■ **Data for this task**:
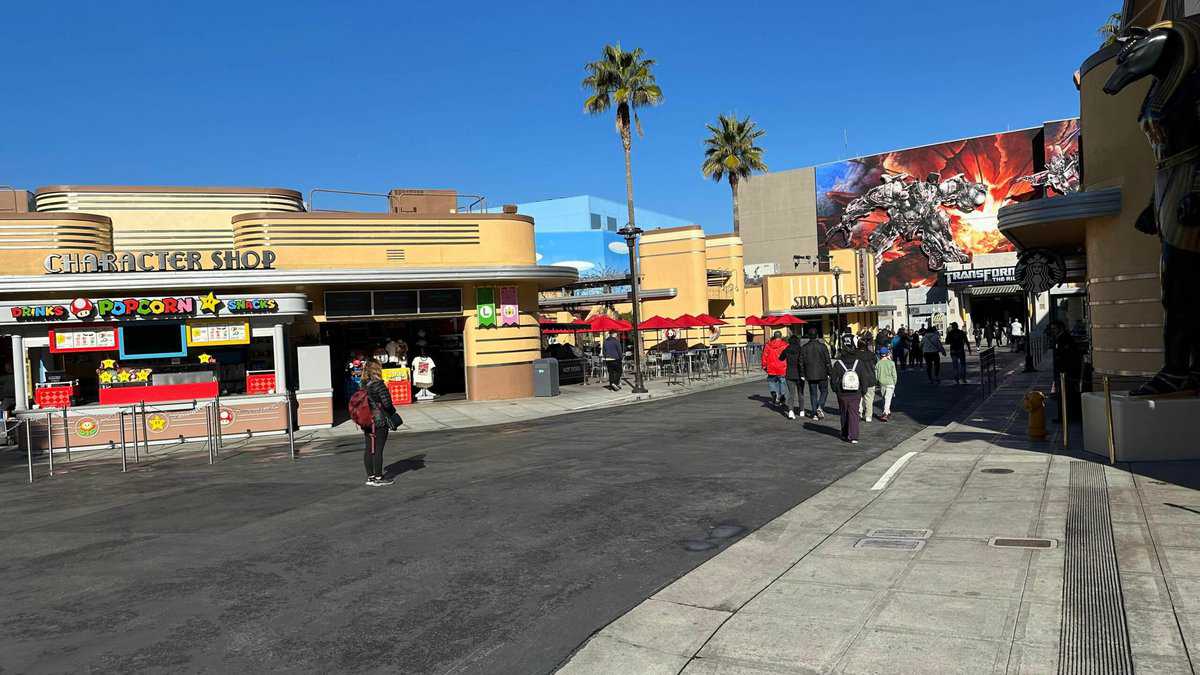 Common Park Is a Full Ghost City as Crowds Vanish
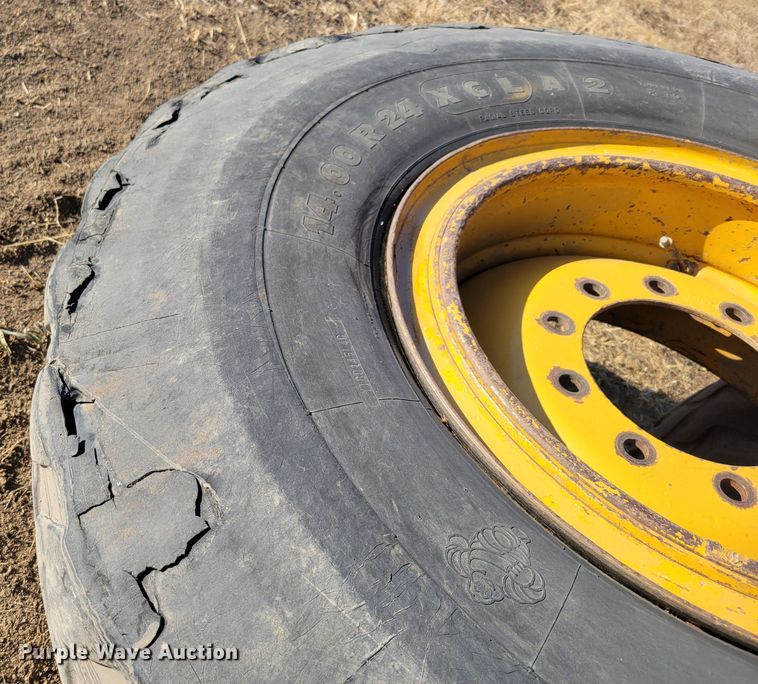 image for item LY9818 Tires and wheels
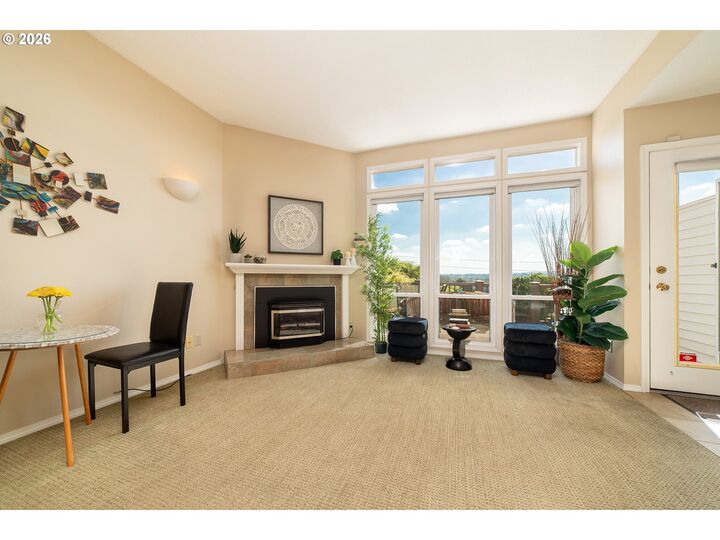 Property Photo:  5028 SW View Point Ter  OR 97239 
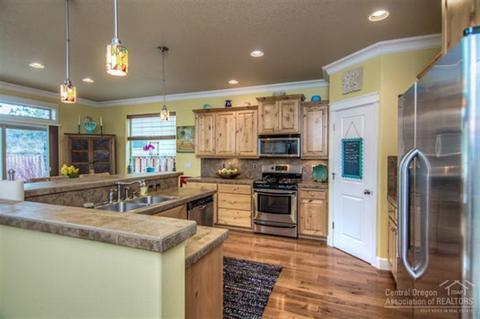 20963 NE Yeoman Rd, Bend, OR 97701 photo 5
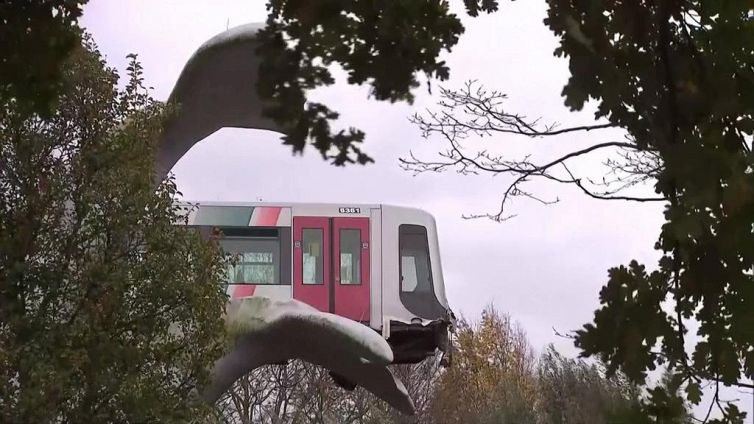 La 'balena' salva il tram dal disastro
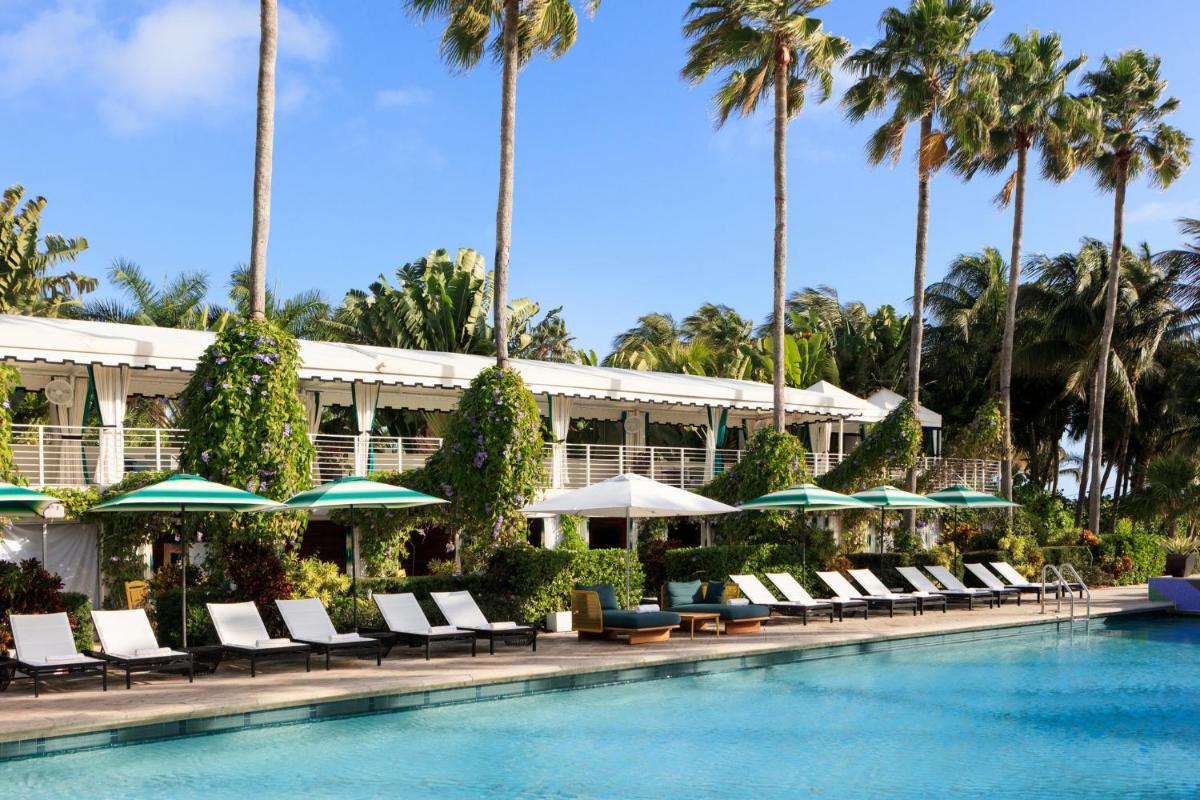Отель Kimpton Surfcomber Hotel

■ **Task to complete**: Using the material above, restate word for word the lines from the line that has "image for item LY9818 Tires and wheels" to the last line, inclusive, with pictures omitted.

■ **Output of the exercise**:
 image for item LY9818 Tires and wheels
 Property Photo:  5028 SW View Point Ter  OR 97239 
 20963 NE Yeoman Rd, Bend, OR 97701 photo 5
 La 'balena' salva il tram dal disastro
Отель Kimpton Surfcomber Hotel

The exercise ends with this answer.